The moment my sister Caro — Mwisho wa Lami’s Cabinet Secretary for Information and Broadcasting — heard that I would soon own a car, the whole world knew of it as well. You see, Caro can never keep a hot story to herself without getting sick!
I wish I could say that I did not like her telling everyone, but I did.
When I arrived at Hitler’s last Monday, I found the usual suspects very happy for me. Nyayo, in his drunken wisdom, had that day cleared some shrubs and designated a parking space. “Packing”, he had written on a piece of paper stuck to a tree!
Alphayo had a long trip he wanted me to take him on. “My sister is married very far, huko Moi’s Bridge,” he started. “To get there, I take a full day and five matatus. I had promised to go see her on Madaraka Day without knowing how we would go there, but I see God is answering my prayer through you.”
I arrived home on Tuesday to find that my parents had asked me to go see them. “Receive my sympathies for buying a car,” started my father. “I am so proud of you.” He meant “congratulations”.
The two words always confuse him. My mother was also very happy, and added that she could not believe that her womb had produced two children with cars.
“Nikiolewa hapa hata baiskeli haikua, nikaambia baba yako nimeleta mbegu mzuri.”
Soon we were having serious discussions. “When are you going to pick the car?” my father asked. I told them that I would only take custody of the car after I paid an additional Ksh25,000 and learnt how to drive.
“It was a mistake for everyone to know that you are buying a car,” my father said. “Mwisho wa Lami watu wako na wivu! They will bewitch that car not to move,” he said, although he already had a solution. “A man I know can chase away the evil spirits at night,” he said.
“But before that, bring Apostle Elkana to bless it during the day. A car is not a small thing,” he said.
The next day, Apostle Elkana came to see me. “I told you this is your season, didn’t I?” he asked me. I agreed, even though I couldn’t remember him saying it.
“Everything is going on well, but we need to do special prayers for the car so that it can be released from evil spirits and you own it quickly,” he said.
We set the prayers for this morning, before church.
Suddenly, walking became too tedious for me. I imagined how much time I would save if I were driving. So, last Thursday, I went to see Maina the hardware owner to see if he could give me the Ksh25,000 so that I could own the car earlier.
“Mbao ilikuwa ya county na mambo haijaenda vile nilipanga,” he told me. “But you come next Monday I could have something.”
My second option was to go see Bensouda and try to convince her to give me the car without having to pay the Ksh25,000. Weren’t we colleagues? She wasn’t using the car and there was nothing to lose. I was there on Friday after school. It was the tenth time I was at Bensouda’s.

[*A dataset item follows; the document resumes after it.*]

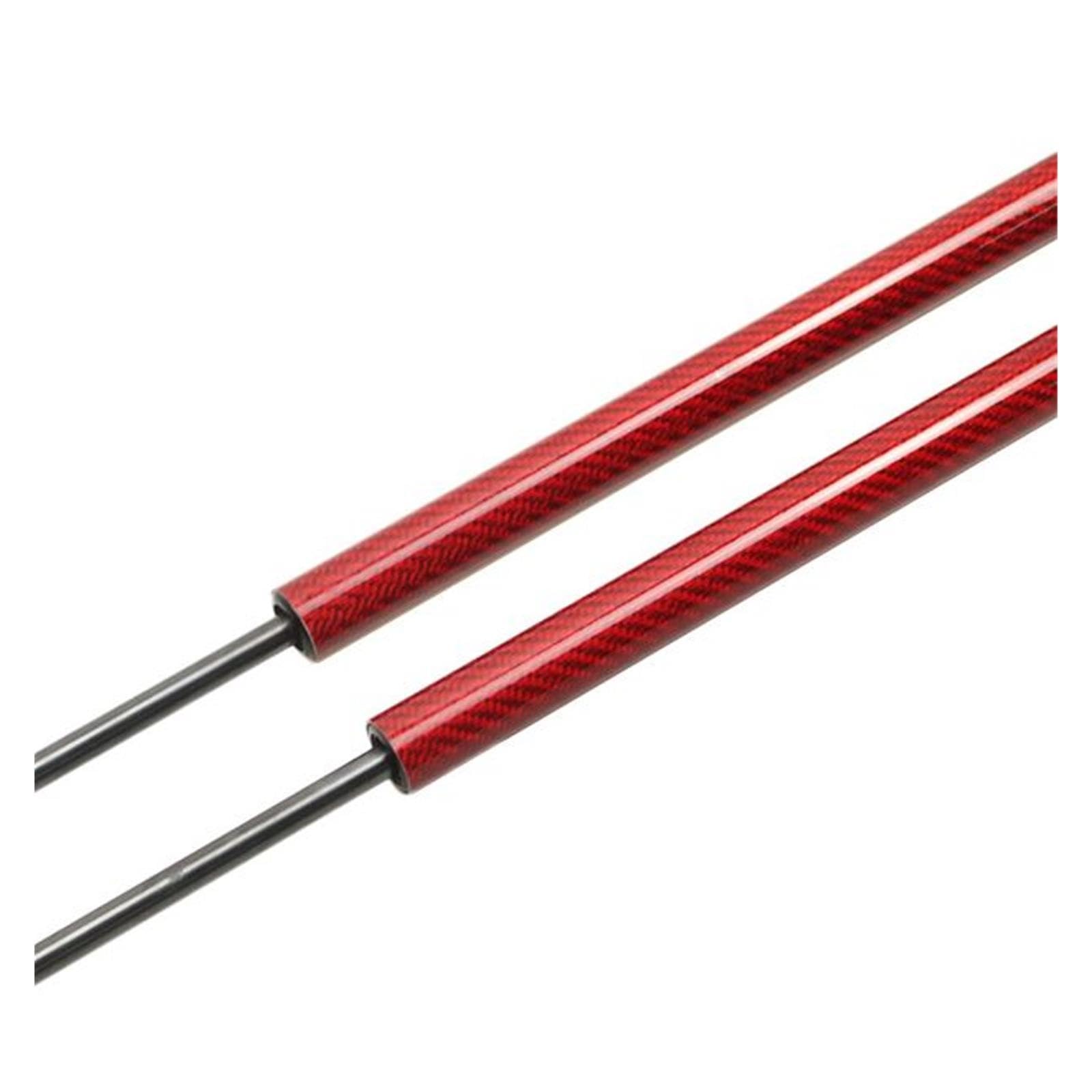 Direkte Passform Car Bonnet Gas Springs Für Ford Für Ranger 1St 2011-2021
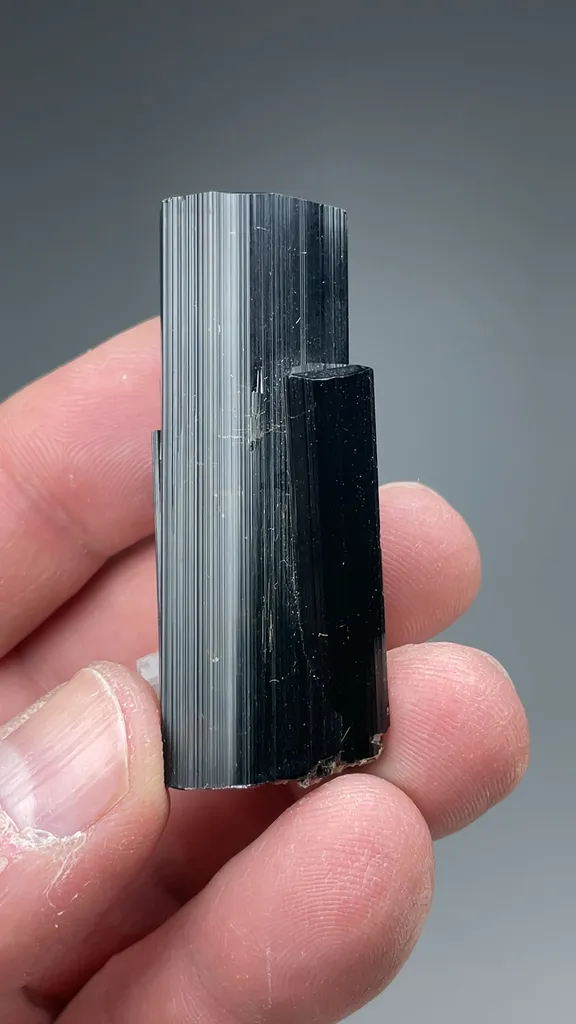 Elbaite - image 2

I asked her if she could let me have the car as I looked for the money. “Don’t be in a hurry, Dre,” she said. “You need more money for other things like driving school, insurance and a few repairs on the car.
It was late when I left Bensouda’s place. As I walked home that night, tired, I wondered how easy it would be if I had a car. I had to get the car immediately. I decided that I would get a loan of Sh20,000 to add to the money Maina would give me tomorrow, so that I can get the car before the end of this week.
In the meantime, I have to prepare for Apostle Elkana’s prayers today.